Distributed mode for single GPU
TheodorPatrickZ opened this issue · comments
Is it possibile to run itr_flickr as not distributed but on a single gpu?
When running:
python run.py --task "itr_flickr" --dist "gpu0" --output_dir "output/itr_flickr" --checkpoint "4m_base_finetune/itr_flickr/checkpoint_best.pth"
I get:
Training Retrieval Flickr
| distributed init (rank 0): env://
Traceback (most recent call last):
File "Retrieval.py", line 381, in
main(args, config)
File "Retrieval.py", line 215, in main
utils.init_distributed_mode(args)
File "C:\Users..\X-VLM-master\utils_init_.py", line 357, in init_distributed_mode
world_size=args.world_size, rank=args.rank)

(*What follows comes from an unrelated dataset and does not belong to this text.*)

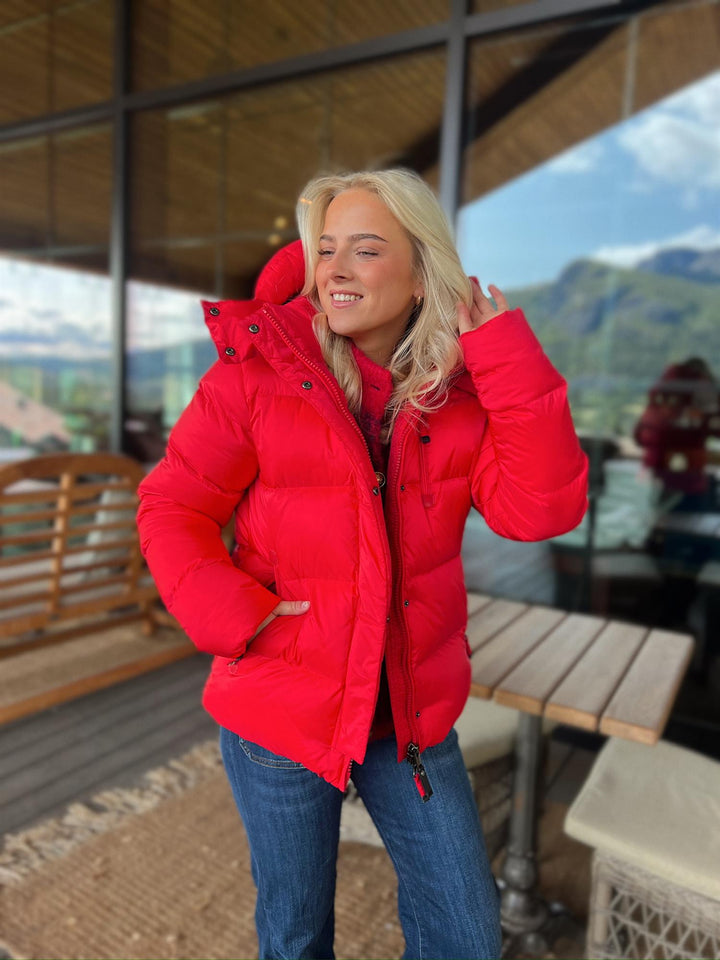 Corinelle | Women’s short hooded jacket with a structured water-resistant silhouette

File "C:\Users..\AppData\Local\Programs\Python\Python37\lib\site-packages\torch\distributed\distributed_c10d.py", line 434, in init_process_group
init_method, rank, world_size, timeout=timeout
File "C:\Users..\AppData\Local\Programs\Python\Python37\lib\site-packages\torch\distributed\rendezvous.py", line 82, in rendezvous
raise RuntimeError("No rendezvous handler for {}://".format(result.scheme))
RuntimeError: No rendezvous handler for env://
Hi,
Our code can run on a single gpu by specifying --dist "gpu0".
I didn't get this error and also have no idea. Sorry.
Got it running after looking at it again the next day, thanks for the fast response!